» **GIVEN INFORMATION**:
________________________________________

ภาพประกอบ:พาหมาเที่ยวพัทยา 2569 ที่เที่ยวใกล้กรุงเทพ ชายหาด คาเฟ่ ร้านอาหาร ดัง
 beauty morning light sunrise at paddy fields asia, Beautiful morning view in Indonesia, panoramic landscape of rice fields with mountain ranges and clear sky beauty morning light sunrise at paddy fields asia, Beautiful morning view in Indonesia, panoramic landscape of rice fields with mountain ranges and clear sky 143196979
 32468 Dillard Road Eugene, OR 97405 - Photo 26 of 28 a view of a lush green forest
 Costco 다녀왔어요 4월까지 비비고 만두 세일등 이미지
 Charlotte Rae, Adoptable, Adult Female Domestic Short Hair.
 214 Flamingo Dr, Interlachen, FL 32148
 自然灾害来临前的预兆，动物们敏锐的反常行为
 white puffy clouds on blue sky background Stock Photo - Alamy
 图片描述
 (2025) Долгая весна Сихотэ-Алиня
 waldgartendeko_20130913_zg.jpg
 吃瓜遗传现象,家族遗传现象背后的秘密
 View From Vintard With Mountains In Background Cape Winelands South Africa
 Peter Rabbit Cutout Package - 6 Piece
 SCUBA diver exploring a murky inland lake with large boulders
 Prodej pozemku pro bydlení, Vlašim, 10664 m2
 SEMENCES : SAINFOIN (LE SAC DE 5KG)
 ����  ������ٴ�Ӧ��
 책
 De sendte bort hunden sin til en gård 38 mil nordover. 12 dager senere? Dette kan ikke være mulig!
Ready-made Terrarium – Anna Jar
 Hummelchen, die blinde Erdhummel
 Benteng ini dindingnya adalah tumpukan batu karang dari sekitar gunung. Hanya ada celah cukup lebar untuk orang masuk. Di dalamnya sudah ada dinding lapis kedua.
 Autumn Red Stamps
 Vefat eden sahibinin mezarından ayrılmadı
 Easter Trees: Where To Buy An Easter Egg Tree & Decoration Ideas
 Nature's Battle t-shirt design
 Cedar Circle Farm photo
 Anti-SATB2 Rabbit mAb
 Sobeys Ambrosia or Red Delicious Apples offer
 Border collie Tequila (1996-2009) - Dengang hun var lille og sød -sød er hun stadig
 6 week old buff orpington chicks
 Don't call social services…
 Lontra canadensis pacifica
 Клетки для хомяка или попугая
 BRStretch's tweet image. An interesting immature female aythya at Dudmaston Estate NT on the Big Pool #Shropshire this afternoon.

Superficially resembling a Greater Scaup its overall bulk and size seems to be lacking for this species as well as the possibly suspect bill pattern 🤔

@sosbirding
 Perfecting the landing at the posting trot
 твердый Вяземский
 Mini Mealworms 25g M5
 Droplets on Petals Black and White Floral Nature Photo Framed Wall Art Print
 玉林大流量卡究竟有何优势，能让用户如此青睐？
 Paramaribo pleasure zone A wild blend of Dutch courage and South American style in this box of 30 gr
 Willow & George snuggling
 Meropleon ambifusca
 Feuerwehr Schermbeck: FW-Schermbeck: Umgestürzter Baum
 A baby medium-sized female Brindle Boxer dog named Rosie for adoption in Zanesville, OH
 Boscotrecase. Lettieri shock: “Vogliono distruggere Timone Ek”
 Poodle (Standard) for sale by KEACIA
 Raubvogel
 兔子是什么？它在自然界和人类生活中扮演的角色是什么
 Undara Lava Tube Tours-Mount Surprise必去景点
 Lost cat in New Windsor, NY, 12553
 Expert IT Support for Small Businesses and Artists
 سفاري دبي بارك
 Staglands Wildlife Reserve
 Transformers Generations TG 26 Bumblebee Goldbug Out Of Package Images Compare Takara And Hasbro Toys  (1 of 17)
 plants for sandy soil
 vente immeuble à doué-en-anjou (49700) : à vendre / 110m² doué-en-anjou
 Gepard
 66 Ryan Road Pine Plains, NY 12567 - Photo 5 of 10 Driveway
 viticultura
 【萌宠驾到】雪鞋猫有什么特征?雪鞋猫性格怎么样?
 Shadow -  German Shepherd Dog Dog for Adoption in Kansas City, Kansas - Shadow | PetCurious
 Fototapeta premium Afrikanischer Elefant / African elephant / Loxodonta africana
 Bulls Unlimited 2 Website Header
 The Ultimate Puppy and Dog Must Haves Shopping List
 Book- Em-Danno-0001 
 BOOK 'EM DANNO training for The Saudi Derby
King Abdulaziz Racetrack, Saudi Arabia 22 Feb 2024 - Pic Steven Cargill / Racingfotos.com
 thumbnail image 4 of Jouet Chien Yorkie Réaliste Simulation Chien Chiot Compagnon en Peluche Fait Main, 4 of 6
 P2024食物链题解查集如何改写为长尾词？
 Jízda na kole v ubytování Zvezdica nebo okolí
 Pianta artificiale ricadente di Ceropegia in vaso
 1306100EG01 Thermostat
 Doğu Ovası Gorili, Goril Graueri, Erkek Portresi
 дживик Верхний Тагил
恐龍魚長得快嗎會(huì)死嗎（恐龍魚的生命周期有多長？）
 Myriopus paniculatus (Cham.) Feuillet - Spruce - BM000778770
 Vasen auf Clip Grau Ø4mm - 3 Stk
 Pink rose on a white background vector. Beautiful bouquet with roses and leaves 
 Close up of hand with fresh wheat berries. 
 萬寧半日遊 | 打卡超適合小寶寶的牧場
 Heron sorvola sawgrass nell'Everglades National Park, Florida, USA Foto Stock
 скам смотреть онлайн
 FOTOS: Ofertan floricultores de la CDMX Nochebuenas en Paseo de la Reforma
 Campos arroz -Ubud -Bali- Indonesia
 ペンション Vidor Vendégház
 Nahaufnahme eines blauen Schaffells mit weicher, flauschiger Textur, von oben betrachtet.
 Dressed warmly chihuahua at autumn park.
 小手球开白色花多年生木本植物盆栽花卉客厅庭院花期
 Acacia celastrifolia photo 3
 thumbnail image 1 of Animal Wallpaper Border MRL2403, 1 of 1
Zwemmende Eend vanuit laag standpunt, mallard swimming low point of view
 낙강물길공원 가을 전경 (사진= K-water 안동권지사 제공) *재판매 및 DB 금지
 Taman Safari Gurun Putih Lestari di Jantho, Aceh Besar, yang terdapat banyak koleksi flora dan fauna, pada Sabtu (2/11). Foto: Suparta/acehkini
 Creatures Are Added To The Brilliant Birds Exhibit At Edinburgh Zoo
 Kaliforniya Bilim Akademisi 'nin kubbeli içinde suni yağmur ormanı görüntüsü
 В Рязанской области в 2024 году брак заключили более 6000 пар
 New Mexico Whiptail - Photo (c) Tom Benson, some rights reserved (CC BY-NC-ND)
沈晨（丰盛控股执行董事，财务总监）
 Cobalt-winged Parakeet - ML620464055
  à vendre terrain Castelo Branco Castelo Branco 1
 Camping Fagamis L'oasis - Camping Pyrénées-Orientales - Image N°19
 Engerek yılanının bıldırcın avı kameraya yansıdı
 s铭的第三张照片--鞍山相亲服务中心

________________________________________

» **WORK INSTRUCTIONS**:
Report the number of lines above that contain the word "Nature", and only that number.

» **OUTPUT BELOW**:
2